If you find this article helpful, please remember this was work to put together and I have animals to feed and vet
As I noted in An Morrígan and Sarah Connor: Pt. 1 Deities and Icons I had been planning before the blogosphere explosion to write a bit about how the Sarah Connor Charm School and Hooded Crow relate for me. About why I am doing both, where they meet and where they don’t. To do so was actually probably sparked when I was told that someone had proclaimed the Charm School as a Gaelic Heathen warrior group. As it was at a time I was trying to get more attention out about my Hooded Crow project, I think it was especially annoying. Of course, it would come as a big surprise to all those Christian women I work with in the Charm School, and probably Pagans of other cultural involvements.
So having reiterated that the SCCS is not a Pagan group, I shall now admit that it actually started out as a Pagan joke. And now may be responsible for this Pagan project. In fact, I’m starting to reconsider what I said that They never used Sarah Connor’s image, because I think They did quite a bit to kick me in the ass….even if none have ever copied her appearance. Because right when I needed it, there it was.
It was probably this one |
Never having seen The Terminator, I didn’t pay much attention when a friend, a mentor on the warrior path, and his roommate were talking about the second movie about to come out. I seem to remember them focused on Arnie and machines. *yawn* Later that day, I was a bit surprised when I visited other friends (at the time) who were not, AFAIK, Arnie fans anymore than I was, to find that they were all excited about Terminator 2 as well. Then they showed me her photo in a magazine (remember those things? ah, yes, tell me the machines aren’t taking over, after all). Linda Hamilton, dressed in black and with all that muscle.

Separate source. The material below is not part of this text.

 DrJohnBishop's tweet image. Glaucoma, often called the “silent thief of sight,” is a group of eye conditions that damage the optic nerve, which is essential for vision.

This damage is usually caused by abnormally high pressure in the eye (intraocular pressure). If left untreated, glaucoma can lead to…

You know how you don’t know you were looking for something until you find it? Yeah, one of those moments. Or rather it built, I sought out the first movie, got to the new one the first chance I got. The first moment when Sarah is on the screen doing chin ups was probably when it really hit. This was something I was looking for, I just hadn’t known it.

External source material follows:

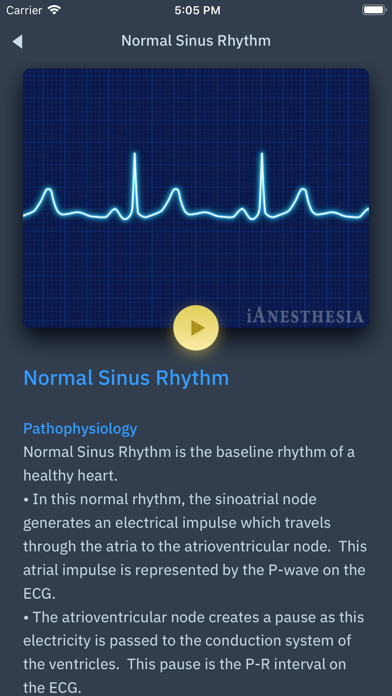 ACLS Rhythms and Quiz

There are people who probably do great without story and imagery to motivate and drive them. I’m not one of those people. I am very driven by story and image, I need to put things in my head to work towards. While I had found enough to get me into martial arts and physical training to be on this path I found myself on, much was rather anachronistic and much was unformed in many ways. Especially as a woman on the path, with a male mentor who had a world of images and stories through the ages he could go on but which tended to make those like me feel marginalized.

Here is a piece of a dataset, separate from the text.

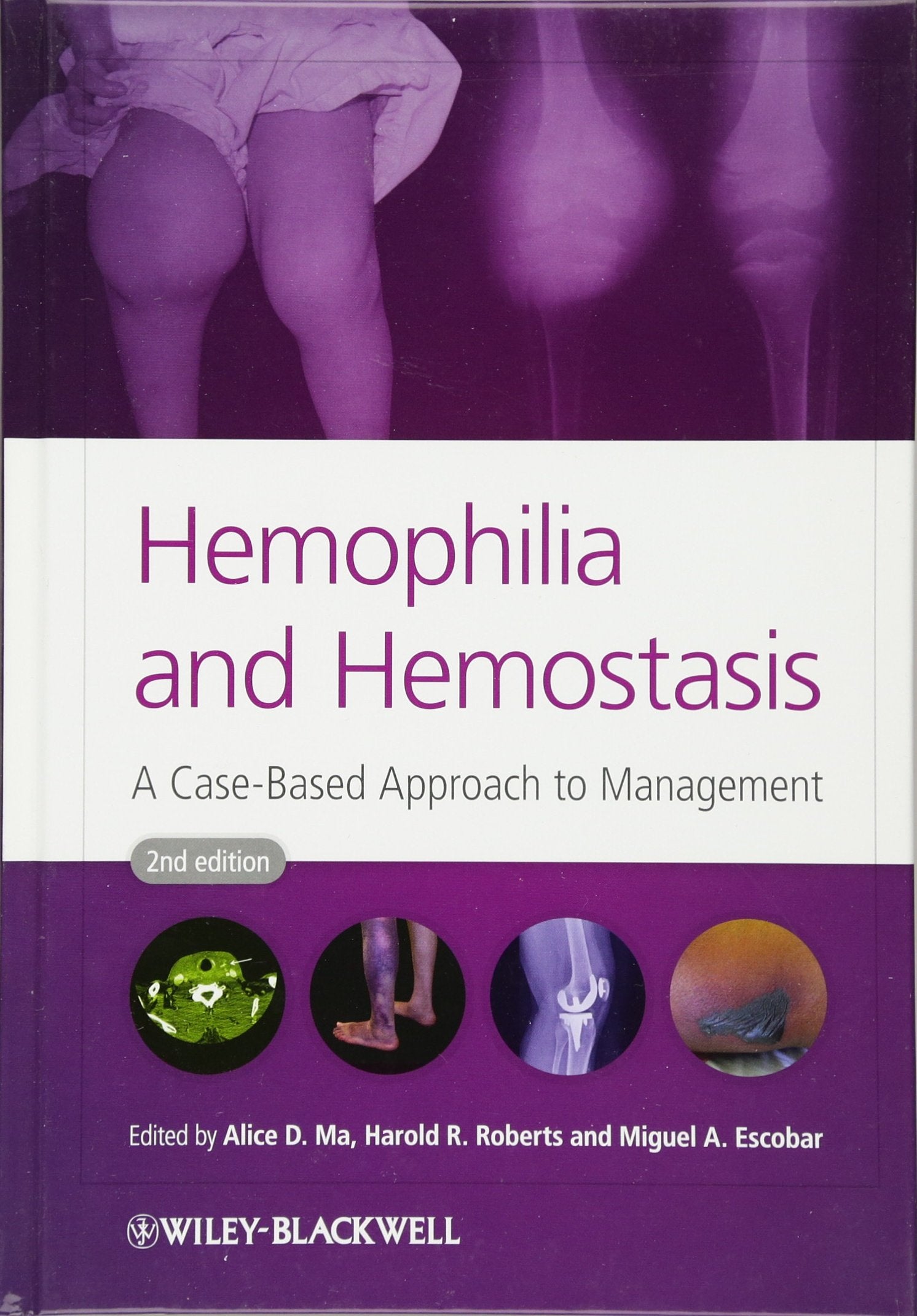 Hemophilia and Hemostasis: A Case-Based Approach to Management Medicine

Yes, there were other strong women fictional roles before then, including Ripley of the Alien franchise. But Sarah was different, because there was a multitude of layers about here which were meaningful for me. Okay, maybe I wasn’t that paranoid about machines and I never had a kid, the latter being a strong connect for some of my friends, but pretty much everything else. Despite a fantastical story line, she was very real, very everyday. Just one of us.
The key thing was her character arch, which might be one of the best ever created in movies. Yeah, I might be bias. She was just like most of us have been at some point, directionless, working a dead end job we hated and felt inept at, not exactly winning at love. She wasn’t a warrior, she didn’t start out with knowledge of how to fight, she wasn’t granted super powers. In the first movie she is totally a Final Girl, with two notable exceptions. One is that she survived having sex, but then she does have to have this kid as it’s sort of the point. But the main one is that when the monster is finally dead, rather than sighing with relief and trying to return to a “normal life” despite the trauma, she heads south of the border pregnant, with a gun and a dog and looking for training. When she appears again she’s crazy, trained, physically strong. To the point that she, herself, may be more machine, but you can see her arch continue as her relationship with her son begins to heal in T2.
The combination of physical strength, fight training and preparedness were things I realized where intricate to making a civilian warrior. A bit of craziness might not hurt either. Because this was where I felt directionless at the time this movie came out. Obviously, I wasn’t going to be transported back to the Iron Age. I also had health issues which made being a professional warrior of any type, law enforcement, military or firefighter (which had at one time wished to do), impossible. Um, okay, I also have an issue with authority which might have gotten in the way. It helped to see the survivalist presented. And a woman at that.
Of course, there was the muscle. I was struggling with fitness, in part due to health issues (some of which got worse in the year or so before the movie came out) as well as being a scrawny hard-gainer. I was studying a martial art, which included some fitness (although probably shouldn’t…I have several issues with that now), was lifting, running. I was having problems with figuring out what to do and how to do it. I had long ditched the standard fitness advice to women, for it was (and is) about diminishing, getting smaller and weaker, not about strength. Therefore I was reading bodybuilding magazines and books, but that often left me frustrated, because of being a hard-gainer (but I did learn the term “hard-gainer”). Sarah offered more realistic physique than the bodybuilders did. Oh, still very different than I could and Linda Hamilton was not a hard-gainer, having obtained that look in a very short time. But still more real. At some point along the line I did decide to figure it out by become a personal trainer…which is it’s own twisted tale.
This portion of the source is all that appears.